Writers of the Future XXIII

An epistolary story: told through letters from the genetically reincarnated King Tut to the genetically reincarnated Abraham Lincoln. Tut is young and slowly realizing the implication of being reincarnated in his far future: the difficulty of love as a museum piece, the difficulty of being a king without a kingdom and your former history, and the difficulty of politics making him the target and symbol of all that protesters dislike about world leaders, and finally the difficulty of finding out what the genetic museum curators actually have planned for him.

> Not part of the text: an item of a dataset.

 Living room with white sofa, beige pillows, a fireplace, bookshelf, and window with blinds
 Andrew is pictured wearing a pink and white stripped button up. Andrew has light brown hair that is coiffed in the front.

Stories told through epistolary form can be fun--seeing the world through another’s eyes but filtered for another, personal reader, which can create an interesting dynamic--but can also risk keeping the drama backstage. This one does not escape its risk; however, it does a great job addressing the fall-out of bringing someone back from the past.

Wednesday, January 19, 2011

"The Sun God at Dawn, Rising from a Lotus Blossom" by Andrea Kail

Written entirely in letters, "The Sun God at Dawn, Rising from a Lotus Blossom" tells of King Tut or Ghazi writing to Abraham Lincoln. Like Lincoln #3, Ghazi is reborn to the future, but his life is not welcomed by all.

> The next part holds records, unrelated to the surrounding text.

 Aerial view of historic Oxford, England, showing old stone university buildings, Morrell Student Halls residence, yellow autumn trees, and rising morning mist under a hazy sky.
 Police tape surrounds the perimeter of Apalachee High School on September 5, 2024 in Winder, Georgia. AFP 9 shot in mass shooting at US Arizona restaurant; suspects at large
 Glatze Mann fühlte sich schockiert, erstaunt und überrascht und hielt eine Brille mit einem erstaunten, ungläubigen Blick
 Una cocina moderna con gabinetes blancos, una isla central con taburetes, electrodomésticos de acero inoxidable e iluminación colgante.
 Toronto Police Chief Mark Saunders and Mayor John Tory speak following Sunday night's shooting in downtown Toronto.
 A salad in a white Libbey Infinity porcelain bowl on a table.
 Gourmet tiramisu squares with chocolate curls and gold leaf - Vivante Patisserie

SPOILER: Ghazi is in trouble politically with those who see him as antithetical to their political will and with those who see Ghazi as a potentially lucrative experiment. This is the story's zinger it holds until the end--and a potent one. Also effective is the use of Lincoln--also shot at. While generally dramatic, a good portion feels rather loose or structured as more of a novel than a short story. Moreover, is this the personality that Tut would have had, considering the society he grew in and his genetic propensity? Nonetheless, the story engages us in some painful questions.